# All Slavic languages: Titles declension



## 涼宮

Good evening!


When you are talking about a book, film or something's title, do you decline it? Or do you leave them in the nominative case?

For instance:

1) I am reading _''The Little Prince_'' (nominative or accusative because of 'read'?)

2) I've heard about ''The Red Riding Hood''.

Thanks in advance!


----------



## LilianaB

Hi, Suzymiya. It may depend in which language. You decline it in Polish and Russian. I am not an expert on other Slavic languages. It may vary.  In Russian, you would more often add the word book, or film in front of the title. Then you don't decline the title.


----------



## Gnoj

They do decline titles in BCSM. Since there aren't grammar cases in Macedonian and Bulgarian, their declination is done analytically - by adding words outside the title so the title itself is not shape-shifted in any way.


----------



## TriglavNationalPark

Titles are also declined in Slovenian.



涼宮 said:


> For instance:
> 
> 1) I am reading _''The Little Prince_'' (nominative or accusative because of 'read'?)
> 
> 2) I've heard about ''The Red Riding Hood''.
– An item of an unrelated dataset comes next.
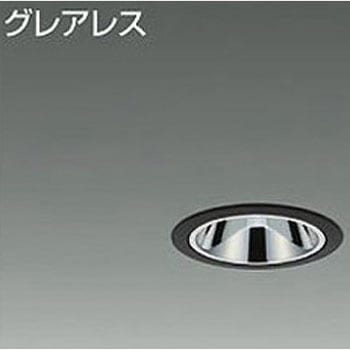 ダウンライト/ベース/LEDランプtype/Φ75 DAIKO(大光電機)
1.) *Berem Malega princa.* (Because the title refers to a person/character, the animate accusative is used here.)

2.) *Slišal sem za Malo rdečo kapico.*


----------



## Duya

Gnoj said:


> They do decline titles in BCSM.



...of course, only if they are declinable: _Čitam "Malog princa"_, but _Čitam "Za kim zvona zvone"_.


----------



## Gnoj

Duya said:


> ...of course, only if they are declinable: _Čitam "Malog princa"_, but _Čitam "Za kim zvona zvone"_.


Yeah, I haven't thought of that.


----------



## Azori

In Slovak it's possible to decline titles:

1) I am reading ''The Little Prince''. = Čítam Malého princa. (accusative case)
One can also say: Čítam knihu Malý princ. Here the title is in the nominative, the word kniha (book) in the accusative.

2) I've heard about ''The Red Riding Hood''. = Počul(a) som o Červenej čiapočke.
Počul(a) som o knihe/filme Červená čiapočka.


----------



## Tassos

For BCMS you can also look at the following thread (half of it is in English and the other half in BCMS)
http://forum.wordreference.com/showthread.php?t=2382836

And a brief translation of what Duya wrote
_Čitam "Malog princa" - I am reading "The Little Prince"_ (here "The Little Prince" is in the accusative thus "Mal*og* Princ*a*", the nominative would be "Mali Princ") 
_Čitam "Za kim zvona zvone" - I am reading "For whom the bell tolls"_ (here the title remains unchanged as it is undeclinable - by the way this is the Serbian version of the title, Wikipedia gives _Kome zvono zvoni_ for Bosnian and Croatian)


----------



## Kartof

Gnoj said:


> Since there aren't grammar cases in Macedonian and Bulgarian, their declination is done analytically - by adding words outside the title so the title itself is not shape-shifted in any way.


Extra words aren't necessary in Bulgarian or Macedonian since it's understood that the book is the object of the sentence based on the verb's conjugation.
In Bulgarian it would be 1)"Четя 'Малкият Принц'" and 2)"Чул съм за 'Червената Шапчица'".


----------



## Gnoj

Kartof said:


> Extra words aren't necessary in Bulgarian or Macedonian since it's understood that the book is the object of the sentence based on the verb's conjugation.
> In Bulgarian it would be 1)"Четя 'Малкият Принц'" and 2)"Чул съм за 'Червената Шапчица'".


I didn't mean it that way, but you're right, it did look like it. Extra words are NOT necessary indeed, what I meant was that words that are normally used before names (such as "на", "за", "од/от" etc), nouns and titles define the context, so declining them is unnecessary.


----------



## Kartof

Of course, I just wanted to clarify for the OP's sake.


----------